╭─ GIVEN INFORMATION

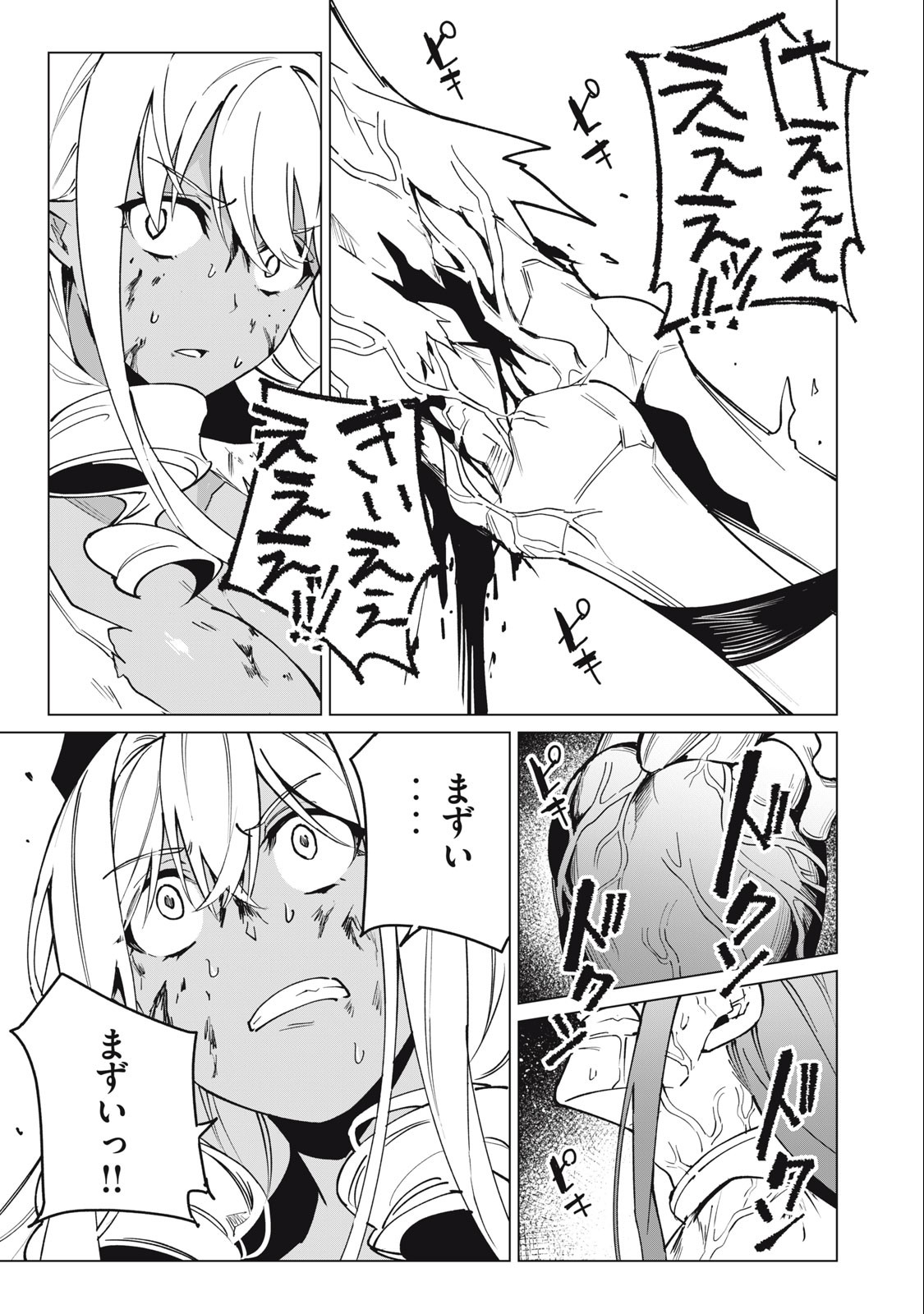 Biryuu Enshoutan ~Jikokouteikan ga Gekitei na Dragon-kyuu Bishoujo Maou o, Yuusha ga Icharabu de Taijisuru Ohanashi~ Chap 49 - Next Chap 50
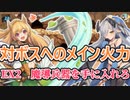 EX2　魔導兵器を手に入れろ！　レア以下（おまけ、獣神なし）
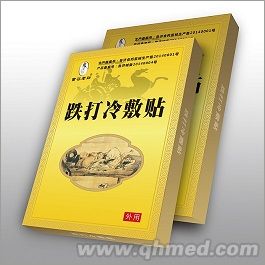 跌打冷敷贴，冷敷贴，跌打损伤冷敷贴 苗谷老贴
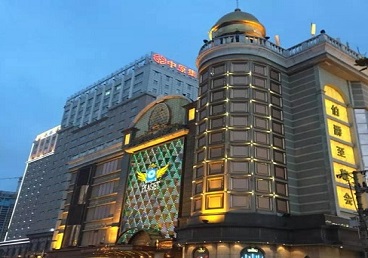 淮滨最大顶级出名高端豪华KTV会所-皇冠伯爵KTV顶级体验点评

╰─

## [WHAT THE TASK REQUIRES]
Output a verbatim copy of the lines from the line containing "EX2　魔導兵器を手に入れろ！　レア以下（おまけ、獣神なし）" through the end of the data, both included, without any images.

## [SOLUTION TO THE PROBLEM]
 EX2　魔導兵器を手に入れろ！　レア以下（おまけ、獣神なし）
 跌打冷敷贴，冷敷贴，跌打损伤冷敷贴 苗谷老贴
 淮滨最大顶级出名高端豪华KTV会所-皇冠伯爵KTV顶级体验点评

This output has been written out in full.